Why Can't Everything Be Recycled?

Recycling is limited by how products are designed. Items made from mixed materials are often too difficult or costly to separate. Additionally, when different types of waste are thrown together, sorting becomes expensive and inefficient. Proper separation of food waste and recyclables is essential for effective recycling programmes.

How Can We Reduce Our Waste?

Waste reduction starts long before disposal. It begins with product design. Products that prevent waste are durable, repairable, easy to upgrade and repurpose, and possible to dismantle for recycling. Achieving waste reduction requires coordinated action: governments must support better design, businesses must rethink how they produce goods, and consumers must choose items that minimize waste and promote reuse.

A circular economy relies on these improvements. It prioritizes keeping materials in use for as long as possible, reducing waste and emissions.

What Does Waste Management Cost?

Managing waste properly requires significant investment. In 2020, about US$250 billion was spent globally on waste collection, recycling, and facilities, an amount similar to the cost of global natural disasters. When environmental and health impacts are included, the true cost rises to US$360 billion.

Dumping and open burning may appear cheaper but cause far greater long-term damage. Research shows that providing even simple waste services saves more money and protects communities.

Scenarios for the Future

The report outlines three possible pathways:

  • Waste Management as Usual: Waste continues increasing, and pollution worsens.

  • Waste Under Control: Waste grows more slowly; universal waste collection is achieved; uncontrolled dumping ends by 2050.

  • Circular Economy: Waste prevention becomes a priority, less waste is produced every year, recycling improves to 60%, and disposal without treatment is eliminated globally by 2050.

How Can Our Communities Improve Waste Management?

Communities need regular waste collection, nearby facilities for sorting and recycling, safe treatment for waste that cannot be recycled, financial support, strong rules preventing burning and dumping, and widespread knowledge about proper waste practices.

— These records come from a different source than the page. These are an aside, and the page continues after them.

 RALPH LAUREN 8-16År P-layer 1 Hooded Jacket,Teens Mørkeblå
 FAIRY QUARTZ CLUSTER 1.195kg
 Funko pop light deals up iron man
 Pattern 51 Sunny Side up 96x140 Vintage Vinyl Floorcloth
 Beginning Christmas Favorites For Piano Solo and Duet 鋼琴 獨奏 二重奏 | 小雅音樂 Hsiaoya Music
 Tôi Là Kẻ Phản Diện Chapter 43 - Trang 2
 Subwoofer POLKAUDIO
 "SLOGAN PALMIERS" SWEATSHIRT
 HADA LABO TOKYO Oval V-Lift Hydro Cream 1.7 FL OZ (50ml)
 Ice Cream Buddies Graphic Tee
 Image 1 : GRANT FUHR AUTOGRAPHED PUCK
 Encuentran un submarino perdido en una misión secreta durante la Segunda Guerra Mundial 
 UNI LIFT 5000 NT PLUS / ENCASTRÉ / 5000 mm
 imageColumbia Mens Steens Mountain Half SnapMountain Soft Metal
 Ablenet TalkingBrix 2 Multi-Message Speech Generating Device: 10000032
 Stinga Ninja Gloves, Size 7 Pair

How Can We Make a Difference?

Engaging Governments

Youth can encourage governments to ban harmful single-use products, implement producer responsibility policies, create circular economy roadmaps, and model good behaviour by reducing waste in public institutions.

Engaging Businesses

Businesses significantly influence waste generation. By pushing companies toward refill systems and reusable packaging, large amounts of waste can be prevented.

Acting in Schools and Universities

Young people can create sustainability clubs, conduct waste audits, run awareness campaigns, and introduce composting systems. Encouraging teachers to include solid waste management and circular economy models in their lessons helps build long-term understanding.

Acting in the Community

Simple actions like organizing cleanups, carrying reusable bottles, refusing single-use plastics, and separating household waste contribute greatly to reducing pollution.

Personal Actions

Commit to Preventing Waste

Avoid unnecessary purchases, prioritize refillable options, and reuse what you already have. These small decisions collectively make a large impact.

Start a Circular Economy Business

Entrepreneurship offers many opportunities in a zero-waste world. Ideas include waste collection apps, awareness platforms, refill shops, sharing libraries, AI-driven sorting tools, and food-waste solutions like composting, biochar, insect farming, briquettes, and biogas.

Youth Leadership – The Mottainai Declaration

The Mottainai Youth Declaration represents global youth voices calling for circularity, zero waste, and strong partnerships between governments, businesses, and civil society to build an inclusive and sustainable future.

Conclusion

Young people are essential in shaping a future free from waste and environmental harm. Whether by influencing governments, creating innovative businesses, or making responsible daily choices, youth can lead the movement toward a circular, zero-waste world. The question isn’t whether change is possible—it’s where each young person will choose to begin.